Pierre Moscovici - Photo EC

(BRUSSELS) - The EU intensified efforts to fight rampant tax avoidance by multinationals on Wednesday in its first major effort to counter the LuxLeaks scandal that poured embarrassment on commission head Jean-Claude Juncker.

The commission, the EU's powerful executive arm, said its ambitious plan would force the EU's 28 countries to share details of any tax deals agreed with some of the world's biggest multinationals, ending the secrecy that allowed member states to often compete against each other to attract business and investment.

"Tolerance has reached rock-bottom for companies that avoid paying their fair share of taxes, and for the regimes that enable them to do this," said EU Economics Affairs Commissioner Pierre Moscovici in announcing the plan.

"We have to rebuild the link between where companies really make their profits and where they are taxed," he said.

The plan targets so-called tax rulings, secret deals at the heart of the LuxLeaks scandal that revealed last year that some of the world's biggest companies -- including Pepsi and Ikea -- had lowered their tax rates to as little as one percent in secret pacts with tax authorities in Luxembourg.

The revelations, unearthed by a consortium of investigative journalists, were a huge embarrassment to Juncker, the then-newly installed Commission head who presided over the tax pacts for almost 19 years as Luxembourg prime minister.

Under the new regime proposed by the Commission, member states would be forced to reveal tax rulings made with companies to other bloc members automatically every three months.

This transparency, Moscovici said, would deny companies the ability to secretly shift profits and avoid taxes, at least within the EU.

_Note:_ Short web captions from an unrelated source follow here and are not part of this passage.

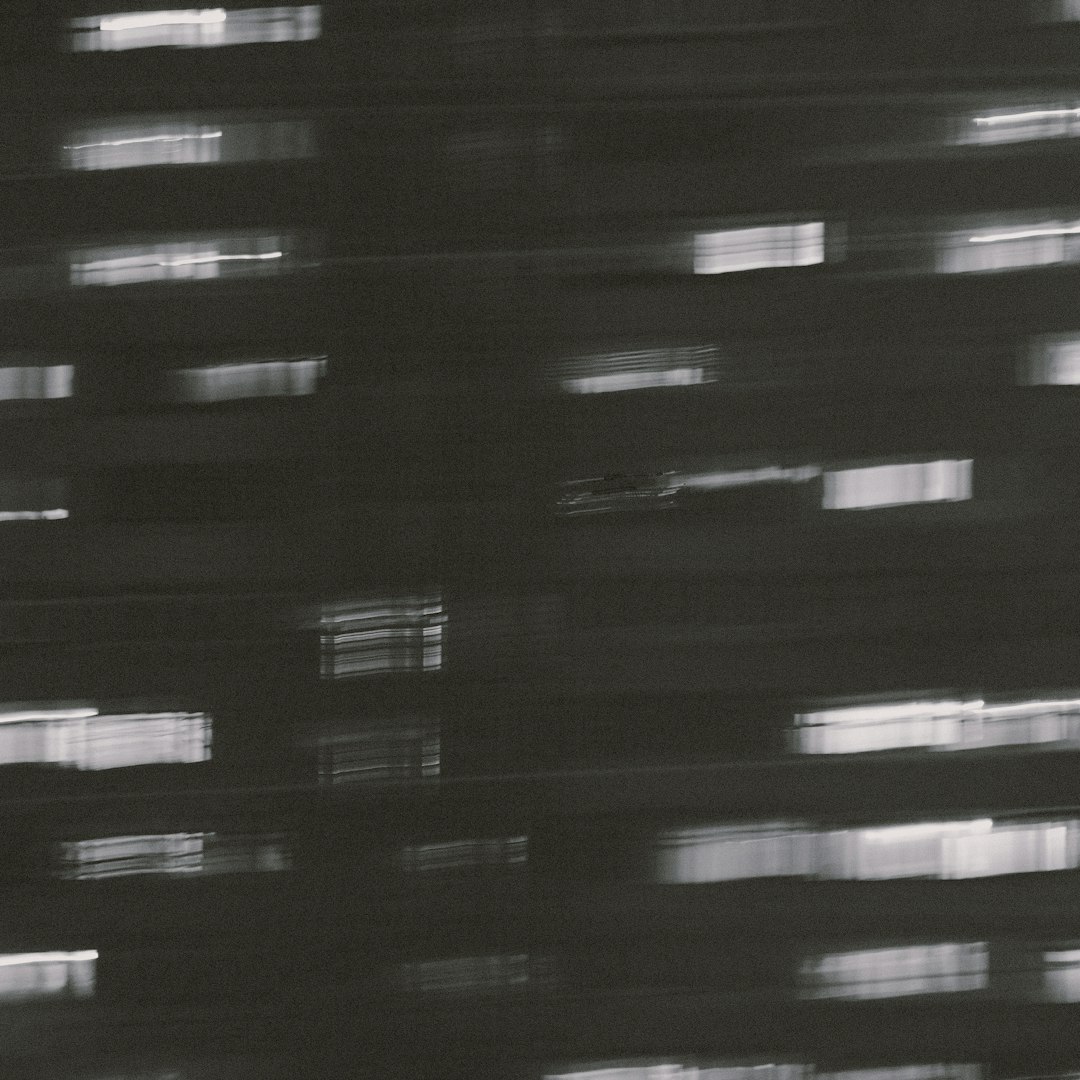 A black and white photo showing motion blur, lights in windows at night time with film grain and an analog photography style. Glitch art and minimalism make the image blurry and hazy.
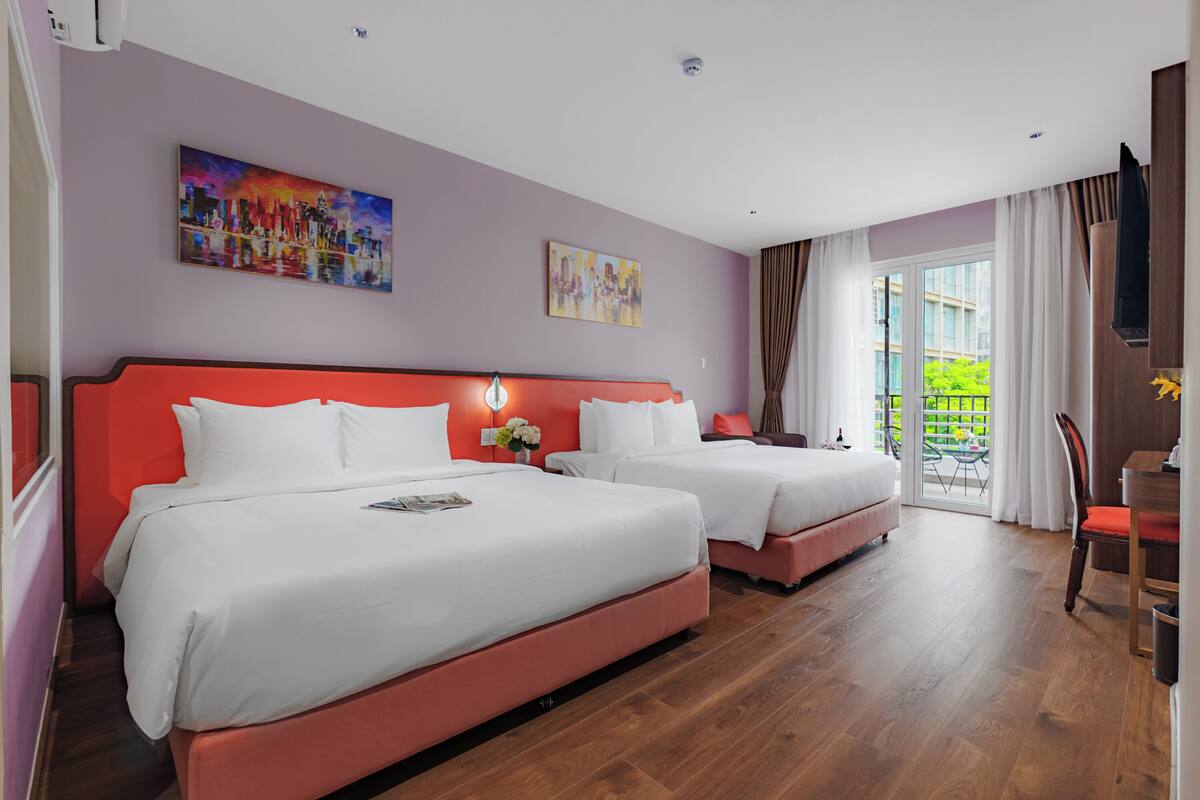 Habitación de hotel con dos camas, cabecera roja, un cuadro, ventana con cortinas y balcón.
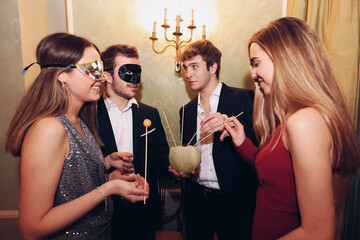 People in masquerade masks eating melon during party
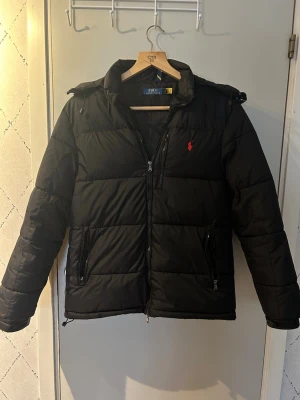 Svart pufferjacka från Polo Ralph Lauren - Snygg svart pufferjacka från Polo Ralph Lauren med huva och dragkedja framtill. Jackan har två framfickor med dragkedja och den klassiska röda Polo-loggan på bröstet. Perfekt för kalla vinterdagar och riktigt skön att bära.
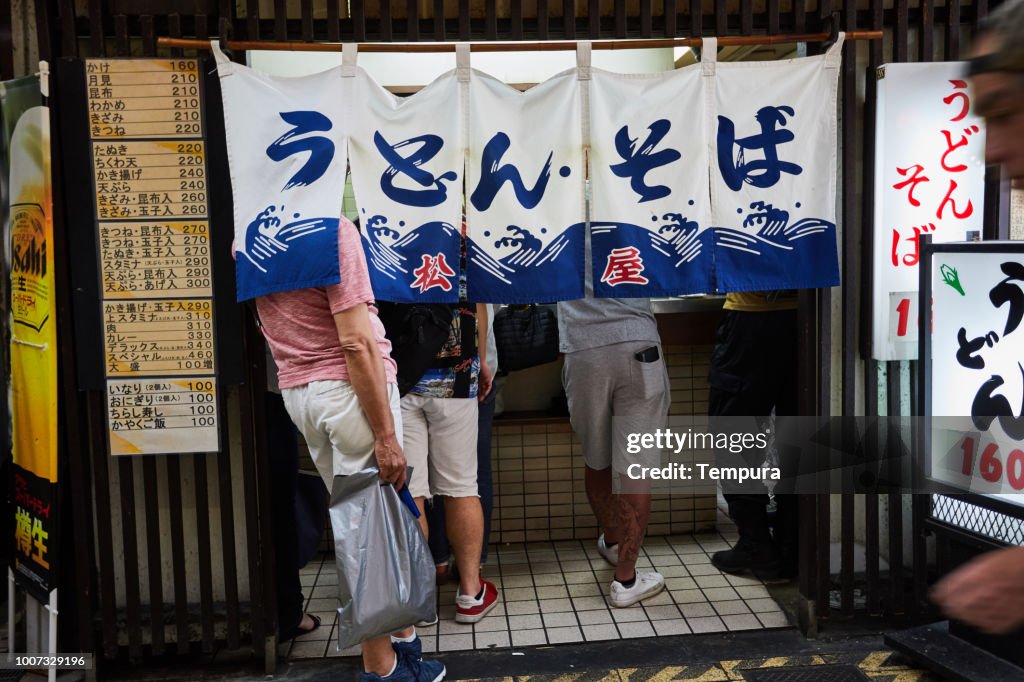 Group of people eating at a small restaurant in Shinseka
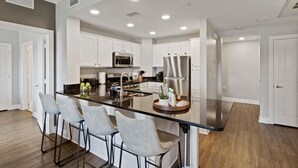 A modern kitchen with a central island, bar stools, stainless steel appliances, and a clean, minimalist design. - Modern 3-bed, 2-bath condo minutes from Disney! (Kissimmee)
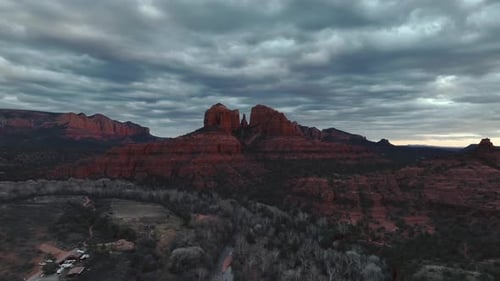 Cathedral Rock In Sedona, Arizona With Overcast At Dusk. wide aerial pullback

The plan however did not question the perfectly legal practice of providing tax rulings to companies, Moscovici said, this being the strict responsibility of member states that would have never approved scrapping them.

- 'Veil of secrecy' -

Critics said the plan was too narrow in scope, and the transparency too limited, to truly address corporate tax avoidance they said occurs on a massive scale.

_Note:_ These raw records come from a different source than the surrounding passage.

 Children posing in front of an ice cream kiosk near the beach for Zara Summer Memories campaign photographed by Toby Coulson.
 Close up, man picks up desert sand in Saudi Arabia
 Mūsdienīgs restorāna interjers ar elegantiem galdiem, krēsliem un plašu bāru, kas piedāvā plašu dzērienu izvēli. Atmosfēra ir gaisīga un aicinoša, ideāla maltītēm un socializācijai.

"Though this tax transparency package is supposed to be a response to the Luxembourg Leaks, it's only addressing a fraction of the problem," said Koen Roovers of the Financial Transparency Coalition in Brussels.

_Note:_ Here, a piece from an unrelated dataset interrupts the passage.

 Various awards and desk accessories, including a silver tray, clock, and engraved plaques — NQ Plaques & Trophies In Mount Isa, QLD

"Over 150 companies in the leak were associated with the United States, but they will simply be out of bounds under this proposal," he said.

Activists also criticised that the contents of a tax ruling would remain out of the public eye, remaining privileged information for authorities.

"This is not tax transparency or tax justice. The veil of secrecy remains in place," said Tove Maria Ryding, of the European Network on Debt and Development.

Ian Young, of ICAEW, a Britain-based accountant trade group, told Bloomberg News that transparency was no guarantee that profits would be taxed fairly.

"Disclosure does not automatically equal transparency, and transparency does not automatically lead to fairness, which is the ultimate aim," Young said.

A major European business lobby defended the continued discretion over tax deals as they often contain sensitive information.

The EU must "ensure we don't throw the baby out with the bathwater - tax rulings are essential to encourage companies to invest in Europe," Business Europe said in a statement.

In the fallout of LuxLeaks, the EU's 28 leaders tasked the commission to draw up measures and Moscovici said he expected quick passage from member states with implementation as early as January 1, 2016.

Support is also required from the European parliament, where the biggest party, the right-of-centre EPP, welcomed the plan.

"We no longer want letter-box companies," the party said, referring to how major companies set up in-name-only headquarters in tax haven countries, such as Luxembourg, but also Ireland and the Netherlands.

The EU has launched fair competition probes against those countries, suspecting that tax rulings provided multinationals such as Apple, Starbucks and Amazon violated the bloc's single market.